The dry summer heat did not deter the masses from gathering that day in the court of the Acropolis. Three large buildings were erected in such a way they formed a triangle of open space between them, used to try criminals of the highest degree in open court. On that sweltering summer afternoon observers were pressed shoulder to shoulder, despite their radiating body heat. Their murmurs and musty sweat wafted through the yard, though it barely registered in the minds of those who had gathered for the matter at hand. The Council of five-hundred elders moved around almost casually on their platform, wearing dark robes and wide-brimmed petasos. Surrounding them in clusters was the jury of seven-hundred and one men. If one did not know what reason the trial was organized, one might assume a murder had occurred, such was the grandeur of the event.

Centered within it all awaited the accused. Agnodice was a man well-known to Athens. A man of medicine, of hope, of understanding. His body was as slight as a leaf, delicate for a man. His soft features gave him a boyish charm far younger than his age should allow. Even his voice was more akin to youth than to a physician of middle age. He was as still as a statue, with eyes that shimmered with intelligence that surpassed his peers. Behind him were his supporters. Though, against the thousands who protested him, they were a weak crowd. Agnodice was backed by his orator and fifty of the women whose lives he’d saved. Some on more than one occasion.
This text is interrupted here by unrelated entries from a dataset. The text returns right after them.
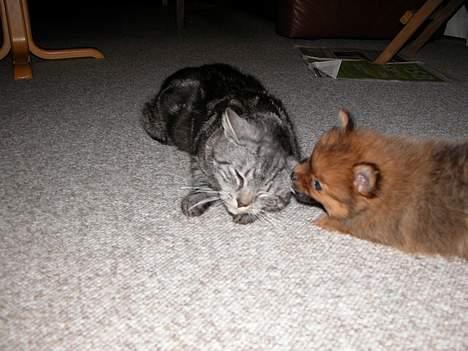 Pomeranian Shiro billede 5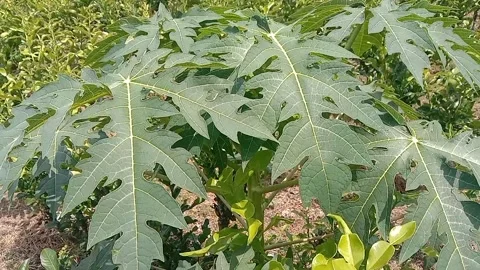 View of the papaya tree Stock Footage 236078297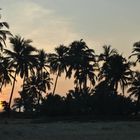 SunriseThru the Palm Trees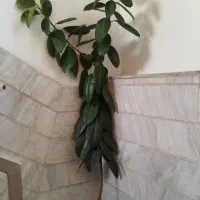 ۲ عدد گل فیکوس آپارتمانی|گل و گیاه طبیعی|ری, فیروزآبادی|دیوار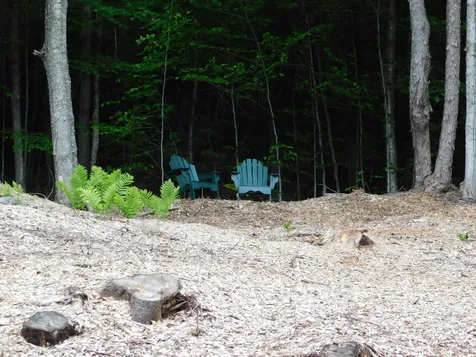 1591 Higley Hill Marlboro VT 05344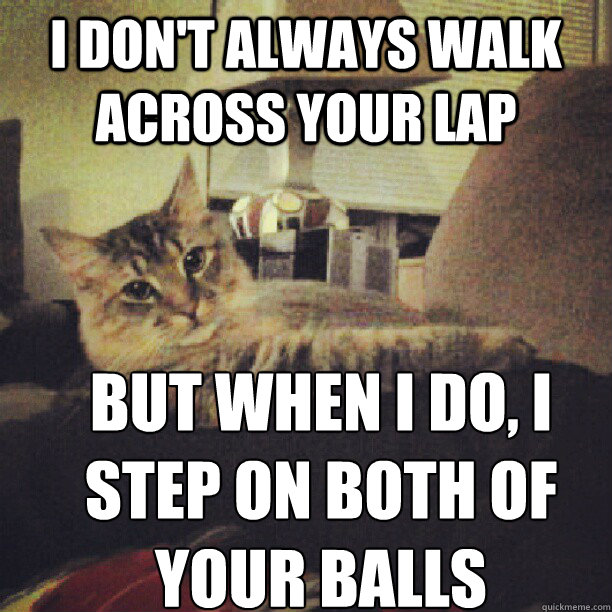 I don't always walk across your lap but when I do, I step on both of your balls  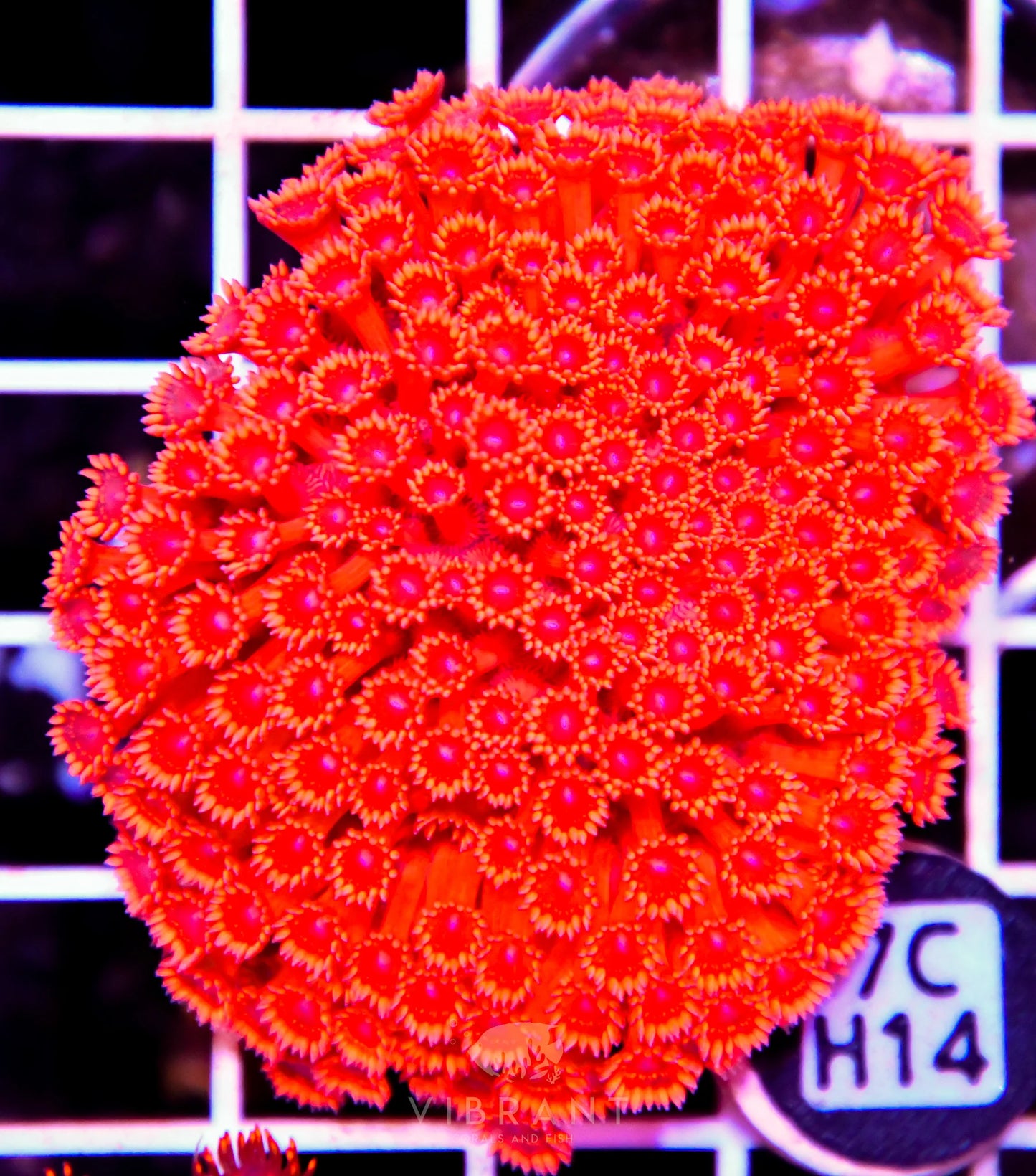 Goniopora INDO W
The plaintiffs were his fellow colleagues in medicine, including his own teacher, Herophilus of Chalcedon. After all the harsh words and pointed fingers, Herophilus’ statements had wounded the deepest. Agnodice would freely admit, even on the day of his trial, that Herophilus was a man worthy of the gods. A great teacher, to be sure, but a better gynecologist there would never be. It was Herophilus who had extracted the secret of life from the sacrum hold of a woman’s body. He had found the organ of the gods, the fruit in which a man’s seed would endeavor to seek out. The ovary; the key to the continuation of humanity.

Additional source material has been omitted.